Thanks for these tips goes to: https://www.food24.com/12-ultimate-braai-hacks-for-the-best-tjop-en-dop/
You’re never too old to learn some new hacks & tricks for making your braai even better!
Up your steak braai game with these super simple and little known tips from some of South Africa’s expert magazine chefs.
Steak is by far the easiest thing to mess up on the braai: if you’re not careful, before you know it, you’ll have a charred, chewy piece of meat. We’ve gathered top tips from some of South Africa’s best magazine and food writers; Margie Els-Burger, the food editor at Your Family magazine, and Leila Saffarian, food editor and stylist at Pass the Salt and formerly food editor at Food & Home Entertaining Magazine.
Not of the braai, of your meat! Says Leila, “Steak should always, always be at room temperature before braaing, or any type of cooking. The proteins are relaxed, helping result in a more tender final product.” Margie recommends opening vacuum packed steaks at least 20 minutes before to let them breathe, defrosting frozen meat in the fridge overnight, and leaving meat out the fridge to adjust to room temperature 30 minutes before cooking.
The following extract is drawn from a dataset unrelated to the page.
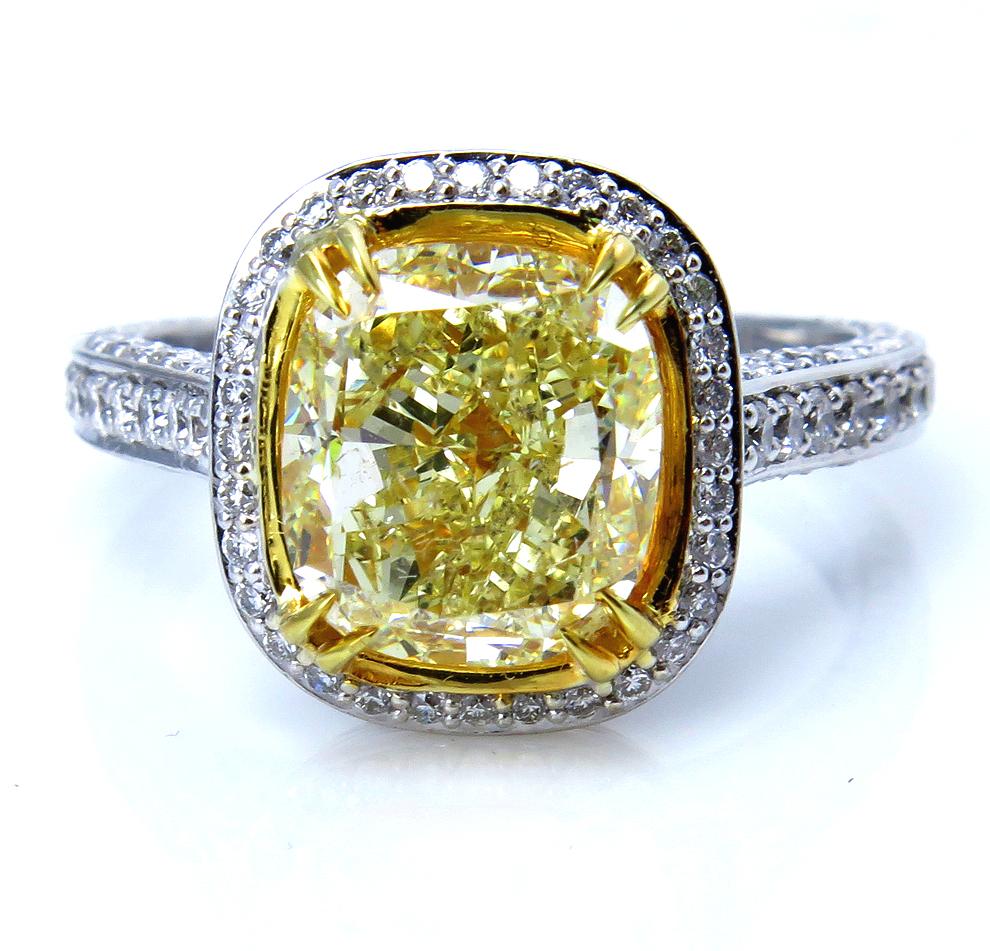 This is ring is just Beautiful! A beams of sunshine radiate day and night from this fabulous dazzler with gorgeous center natural fancy color diamond is ignited by bright white diamonds that shimmer with real sparkle and flair. Exclusive,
If you’ve bought a piece of high-quality meat, you really don’t need to overdo the seasoning. A generous sprinkling of salt – Leila recommends using a good quality salt like Maldon Sea Salt Flakes – and pepper should do the trick, but if you want to mix things up Margie says, “Chipotle – smoked, dried jalapenos – is currently very trendy. I love rubbing my steak with a peeled clove of garlic and a sprinkling of this spice for extra flavour.” Rub your steak with some oil too before cooking.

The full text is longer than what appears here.